- Hennessy, from a 1909 publication
- Born: October 23, 1882 Ohio, U.S.
- Died: November 24, 1910 (aged 28) Saint Louis, Missouri, U.S.
- Occupation: Labor organizer

= Hannah Hennessy =

American

Hannah Hennessy (October 23, 1882 – November 24, 1910) was an American labor organizer. She was the first woman elected to the executive council of the Central Trades and Labor Union of Saint Louis. In 1908, she and Cynthelia Isgrig Knefler founded the Women's Trade Union League of Saint Louis.
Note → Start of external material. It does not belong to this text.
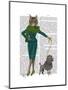 Cat and Poodle-Fab Funky-Mounted Art Print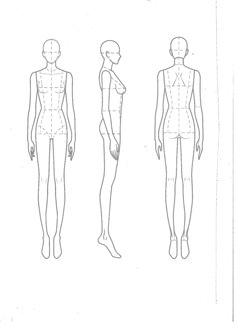 three mannequins are shown with measurements for each body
==Early life and education==
Hennessy was born in Ohio, the eldest child of eight born to Richard W. Hennessy and Caroline Kuhlmann Hennessy. She began working in the garment industry at age 13.
==Career==
Hennessy was financial secretary of the Garment Workers' Union No. 57. She was a delegate to the national conventions of the Women's Trade Union League and the American Federation of Labor. She was elected as a trustee of the Central Trades and Labor Union in 1907, becoming the first woman to serve on the CTLU's executive council. In 1908, she and Cynthelia Isgrig Knefler founded the Women's Trade Union League of Saint Louis, and she served as the league's secretary and treasurer. They developed the bill for a nine-hour day and six-day week for women workers in Missouri.
==Personal life==
Hennessy died from tuberculosis in 1910, at the age of 28, in Saint Louis. National publications pointed to Hennessy as a casualty in the work of organizing labor. "Undoubtedly Hannah Hennessy's life was shortened by her devotion to the cause of Trade Unionism," wrote Knefler, observing that her working conditions in the garment industry and her experience as a striker were detrimental to Hennessy's health. Her close friend Anna Egan died about a week later, from typhoid fever; they had been called "inseparables" and "were always to be found in each other's society."